_TASK:_
Below is a set of records, and all of them should be retyped exactly, minus the pictures.

_AVAILABLE DATA:_
++++++

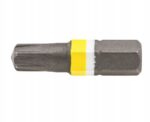 WURTH Bit RW C 6.3 (1/4) YELLOW 25MM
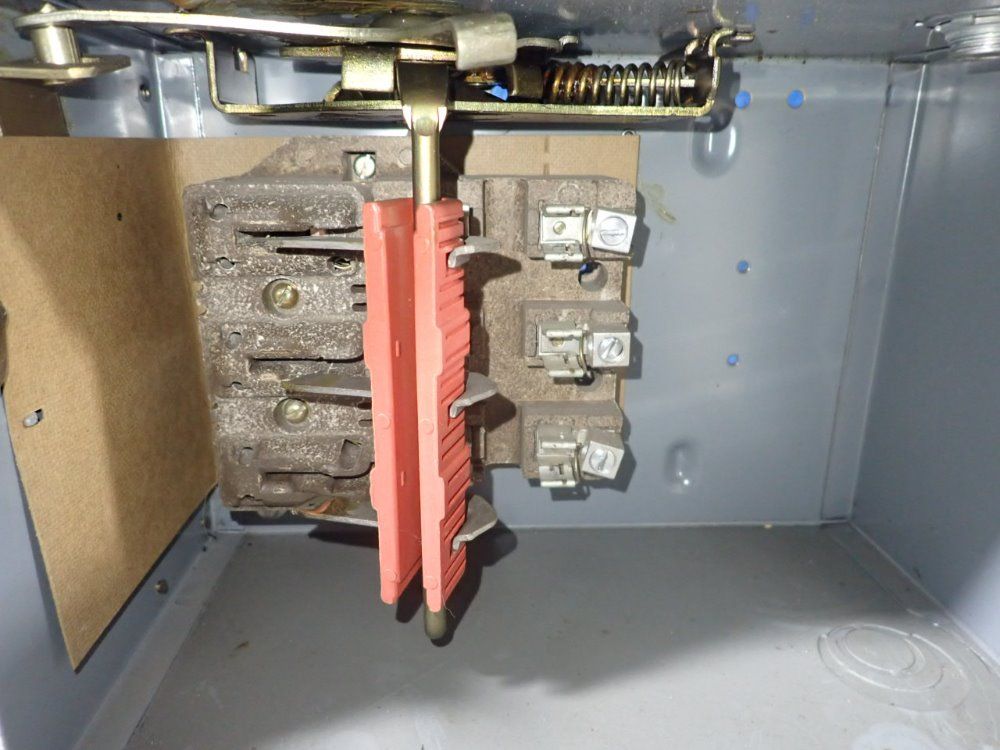 Square D 30 Amp Busway - Pq-3603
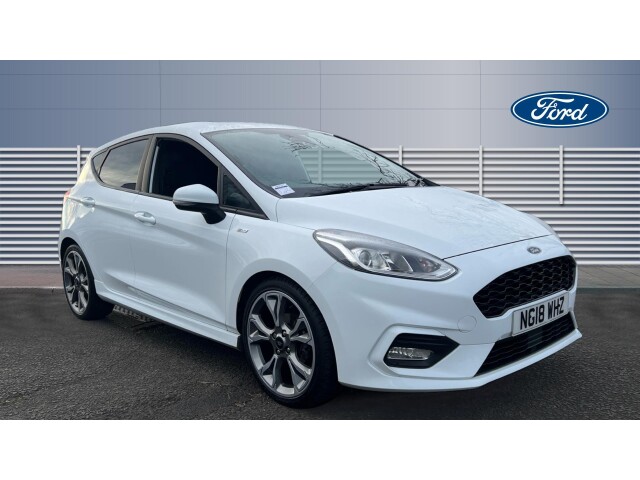 Main listing image - Ford Fiesta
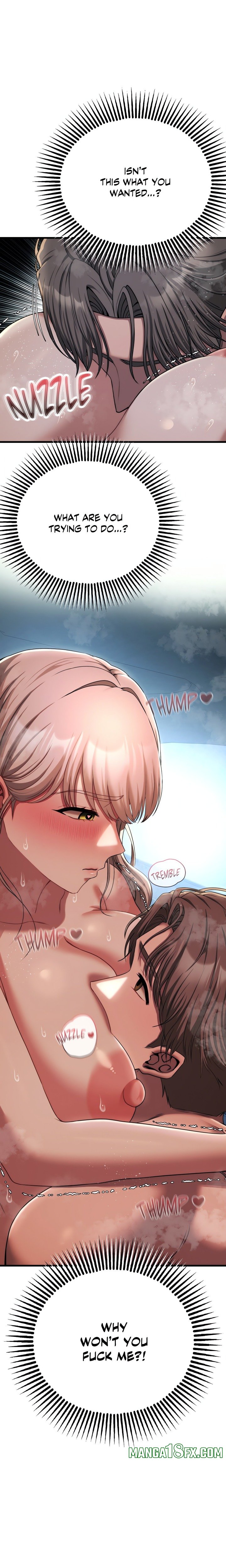 Cliterary Book Club Chapter 22 - Page 1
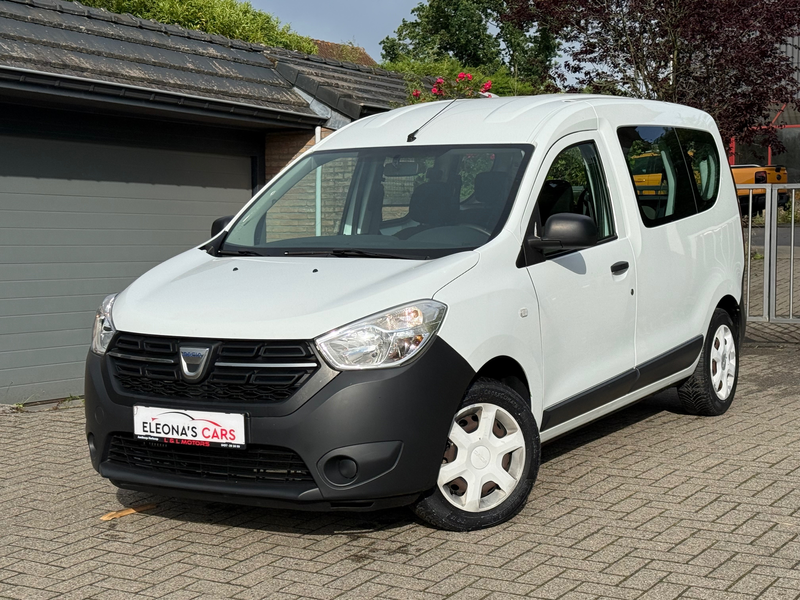 Dacia Dokker Dokker 1.5 dCi Ambiance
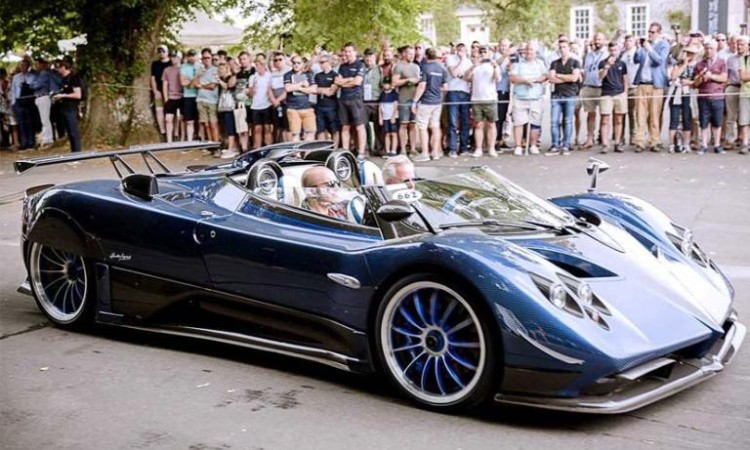 सार्वजनिक भयो संसारकै सबैभन्दा महङ्गो कार, यस्ताे छ मूल्य_img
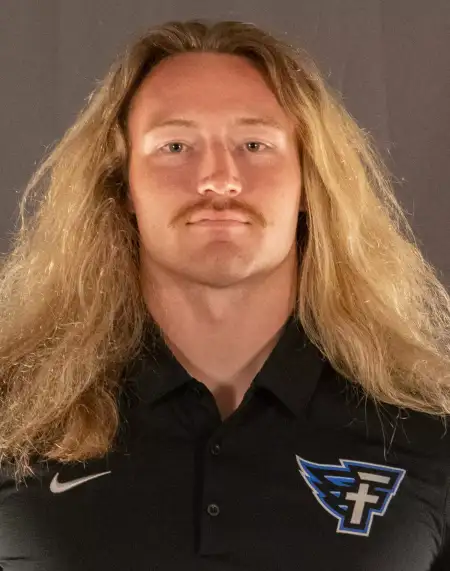 Gage Mims, Football, Faulkner University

++++++

_EXPECTED ANSWER:_
 WURTH Bit RW C 6.3 (1/4) YELLOW 25MM
 Square D 30 Amp Busway - Pq-3603
 Main listing image - Ford Fiesta
 Cliterary Book Club Chapter 22 - Page 1
 Dacia Dokker Dokker 1.5 dCi Ambiance
 सार्वजनिक भयो संसारकै सबैभन्दा महङ्गो कार, यस्ताे छ मूल्य_img
 Gage Mims, Football, Faulkner University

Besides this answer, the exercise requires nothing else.